__Records shown__.

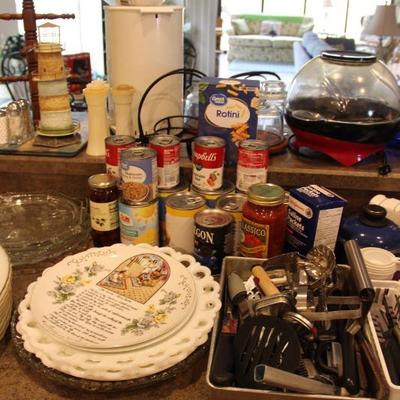 Sale Photo Thumbnail #132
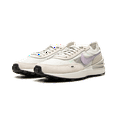 thumbnail image 2 of NIKE WOMENS WAFFLE ONE Womens "Summit White" DC2533 101 DC2533 101 from Stadium Goods, 2 of 8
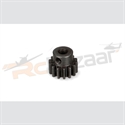Picture of ZD Racing 16T Motor pinion Gear for 1/8th racing Car/Truck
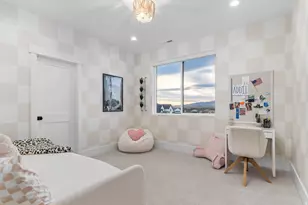 995 N Titan Dr, Lehi, UT 84043 - Photo 28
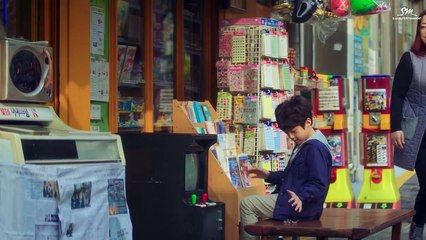 [STATION] 선데이 X 김태현 (딕펑스)_보여 (Still)_Music Video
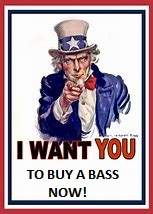 uncle sam1.jpg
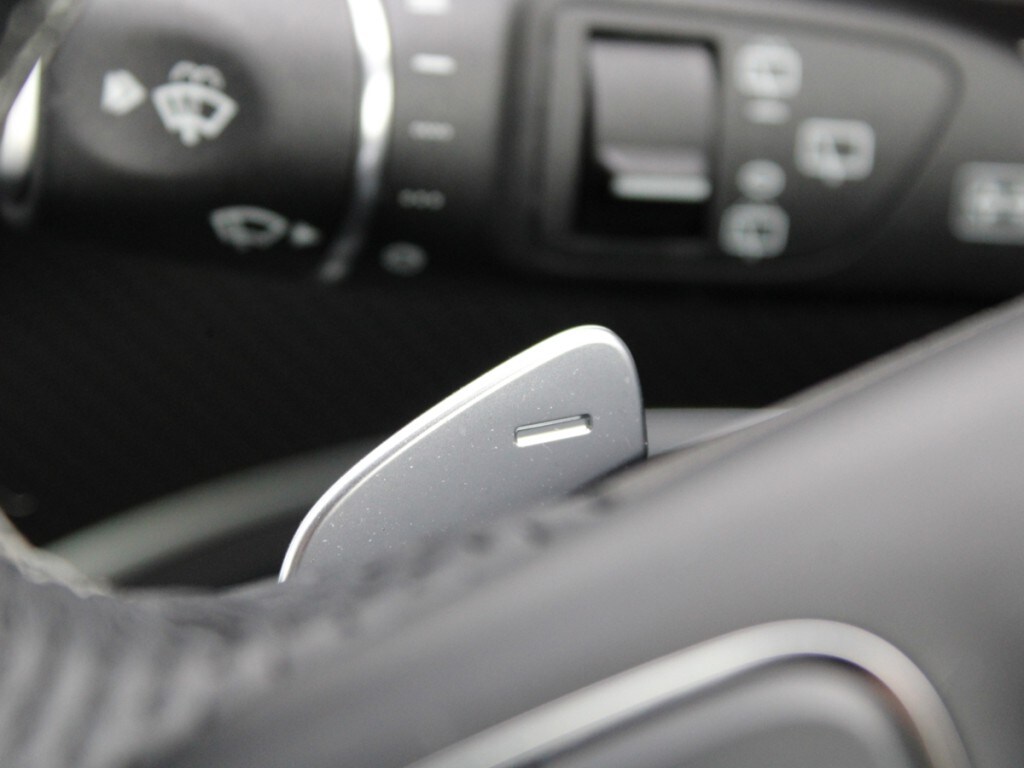 Used Mercedes-Benz V-Class 2024 for sale - 77239249: Photo 25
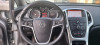  OPEL ASTRA J BERLINA 5P 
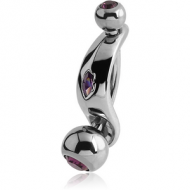 Intimate hotsell piercing jewellery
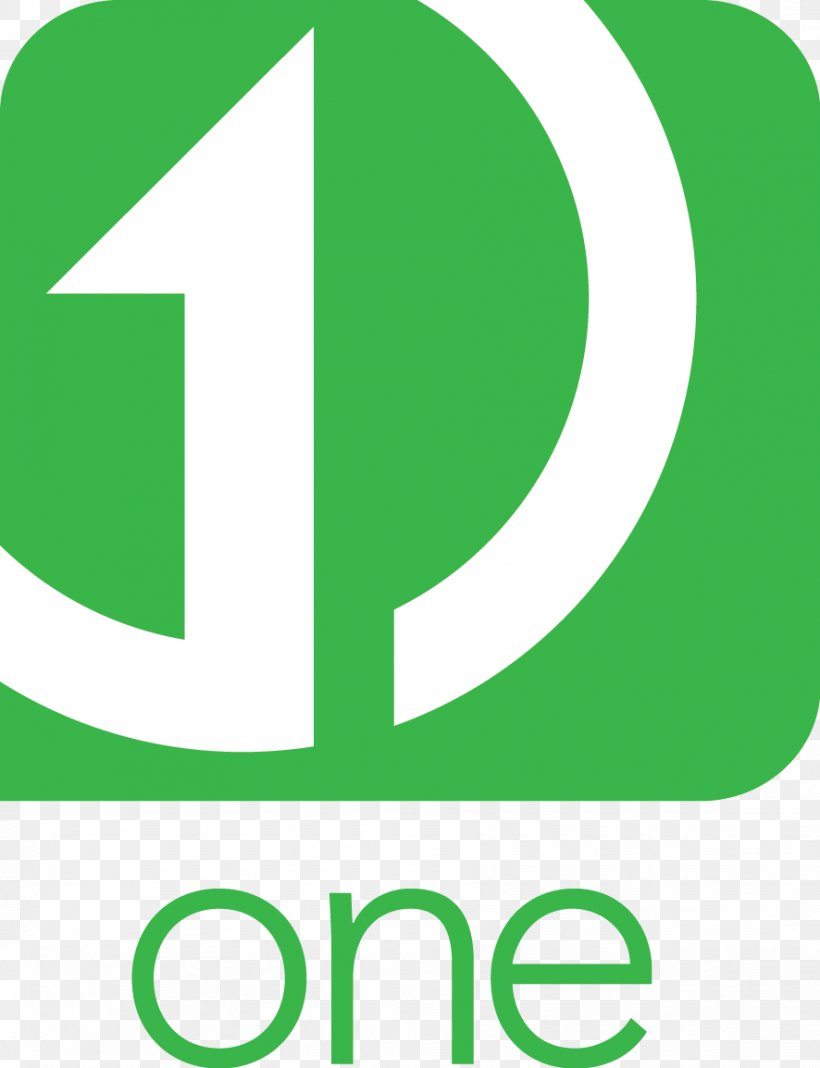 Logo Brand, PNG, 886x1155px, Logo, Area, Artwork, Brand, Grass Download Free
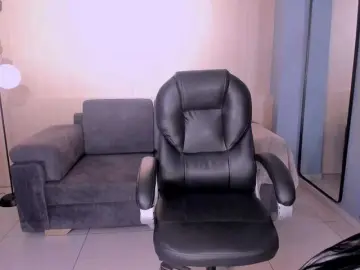 MollyJones  live sex cam
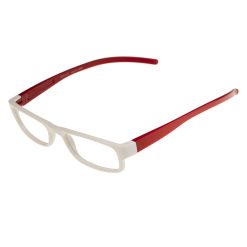 عینک طبی اوپتلی مدل Optelli OP10083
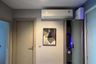 1 Bedroom Condo for sale in Life Asoke Rama 9, Makkasan, Bangkok near MRT Phra Ram 9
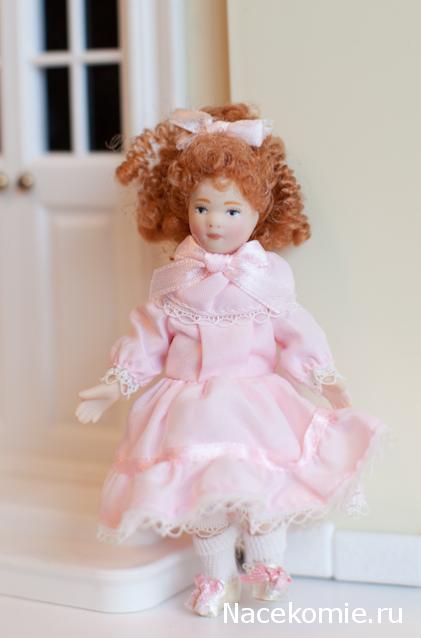 Жильцы Дома Мечты фото, ссылки, обсуждение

__What needs to be done__. What you set down should be exactly the lines from the line containing "995 N Titan Dr, Lehi, UT 84043 - Photo 28" to the last line of the entries above, both included, with no pictures.

__Your solution__.
 995 N Titan Dr, Lehi, UT 84043 - Photo 28
 [STATION] 선데이 X 김태현 (딕펑스)_보여 (Still)_Music Video
 uncle sam1.jpg
 Used Mercedes-Benz V-Class 2024 for sale - 77239249: Photo 25
  OPEL ASTRA J BERLINA 5P 
 Intimate hotsell piercing jewellery
 Logo Brand, PNG, 886x1155px, Logo, Area, Artwork, Brand, Grass Download Free
 MollyJones  live sex cam
 عینک طبی اوپتلی مدل Optelli OP10083
 1 Bedroom Condo for sale in Life Asoke Rama 9, Makkasan, Bangkok near MRT Phra Ram 9
 Жильцы Дома Мечты фото, ссылки, обсуждение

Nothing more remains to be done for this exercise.